Successful Businesses Run on Returning Customers
Amazing things happen when new customers return. For a start, 60% to 70% will make a second purchase, and more than half will go on to refer other customers to the store. And each referral is a powerful sales tool. A study by Bain & Company concluded that word of mouth is the “single most effective and economical way online retailers grow their sites.” Numerous studies have pointed to the growing distrust consumers have for online ads and the faith they put instead in referrals from friends or family members. So how does an e-commerce business turn customers into brand advocates? It comes down to loyalty.
The Key to Building Brand Loyalty? Make it Less About You
The bigger a business grows, the greater the tendency to focus advertising spend on the brand story, mission statement, values and company position. But it’s equally important to put the customer at the center of your brand. In fashion retail, two in five customers claim no loyalty to any particular brand, according to research by Ello Media. So-called brand-obsessed customers are something of a myth, and retailers need to shift from brand-centric to customer-centric strategy to change this.
What Customer-First Looks Like
- Rethink personalization, accepting that traditional customer segments do not deliver an engaging user experience. The current system is broken, and it’s turning customers away.
- Look beyond basic demographics to understand customer behavior. It’s not who is buying that matters so much as why they buy.
- Champion the emotional context in the buyer journey. Two customers may have wildly different perceptions of the same product attribute, such as color, shape or pattern. Building a complete psychographic profile of each customer’s behavior and perceptions allows for meaningful experiences.
Despite the apparent apathy of consumers toward fashion brands, the evidence suggests that applying these principles can quickly turn customers into brand evangelists. A third of customers in the same Ello Media survey revealed they would be more loyal to a brand if they received tangible value for their loyalty, such as exclusive previews or discounts. To that end, 22% of customers are prepared to share data in return for a more personalized experience.

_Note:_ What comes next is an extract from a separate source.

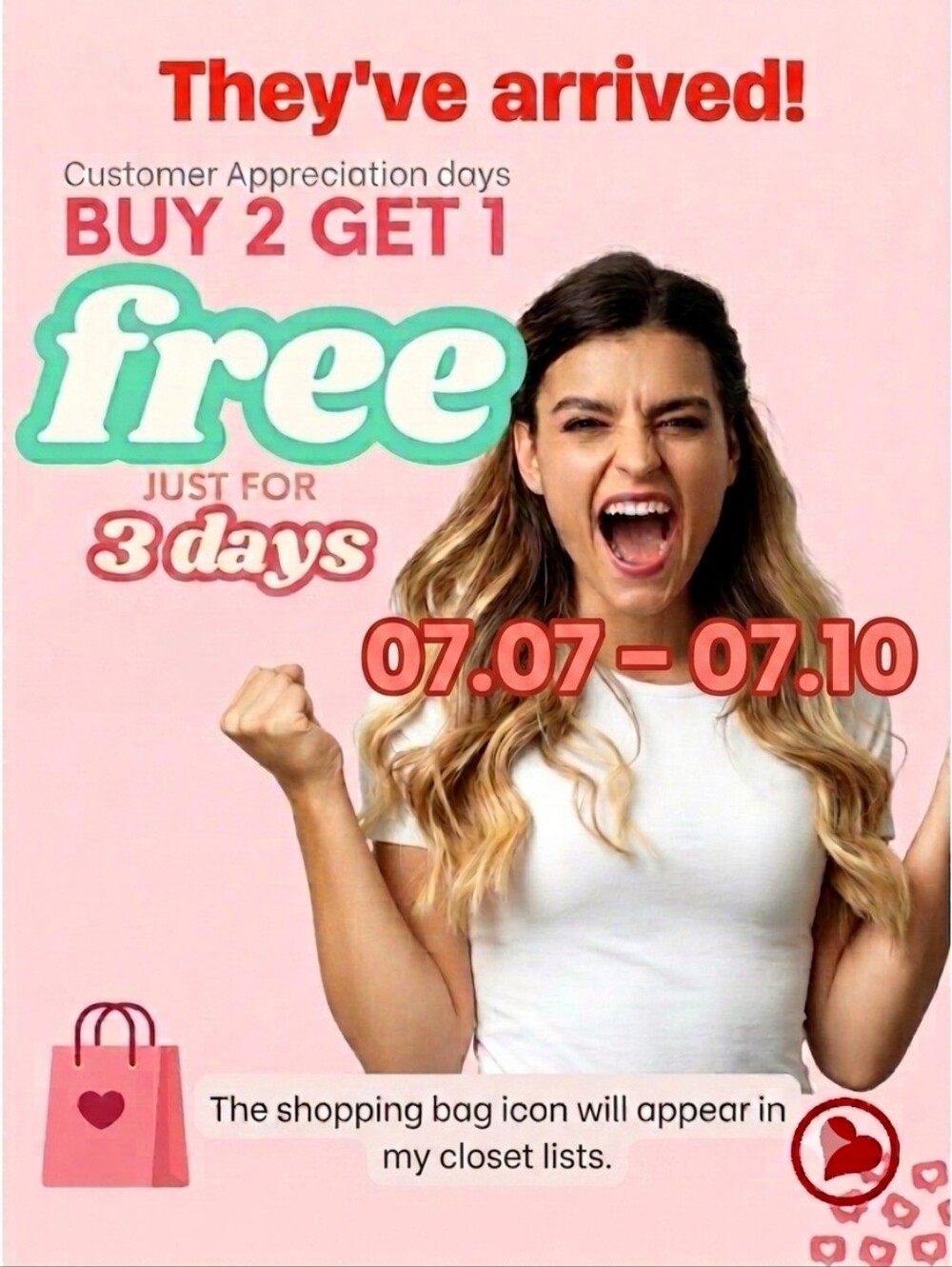 BUY 2 GET 1 FREE-Mix&Match Until 07.10 11pm Arrived!-customer appreciation days!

How to Increase Brand Loyalty
There’s a good reason why digital and streaming services make up the bulk of the top 10 Brand Keys index for 2020. They typically offer hyper-personalized digital experiences with a granular level of understanding about customer behavior. Retailers can emulate that success by using smart data with a purpose to resonate with customers on a deeper, more intuitive level.
- Offer a connected, consistent experience across all touchpoints. Top brick-and-mortar sales assistants learn to recognize and reward loyal customers, so online stores must match that relationship-building experience.
- Engage, don’t broadcast. Customers don’t just want to know what a store offers; they need to know why you’re great to do business with. Traditionally, that meant reaching out through surveys, polls and giveaways, but there are better ways to accumulate behavioral data that offers greater insight, such as using deep product data to draw pertinent behavioral insights that indicate how you can re-engage the customer later.
- Build communities. Engagement with social media platforms and their advertising isn’t always reliable, with Facebook use down to an average of 37 minutes a day in the U.S. in 2019, and engagement for sponsored posts dropping below 0.37%. It ebbs and flows. So, brands should build loyalty through their owned channels, offering bespoke conversations, games, challenges and tutorials to build a community.
How Lily AI Creates the Experience That Builds Loyalty
Delivering a more complex digital experience that can satisfy the demands of tomorrow’s retail customers requires a greater ambition than many platforms today provide. Why settle for standard personalization and a one-size-fits-all catalog of data when you have the potential to leverage enriched product data with over 15,000 tagged attributes and the largest proprietary training data set in the world? We’re empowering the personalized shopping experience, and putting emotional context and psychographic profiles at the heart of brand loyalty.
Ultimately, that translates into ROI too. According to the book Leading on the Edge of Chaos, reducing the customer defection rate by just 5% can increase profitability by 25%. In other words, there is no such thing as taking too much care of your existing customers.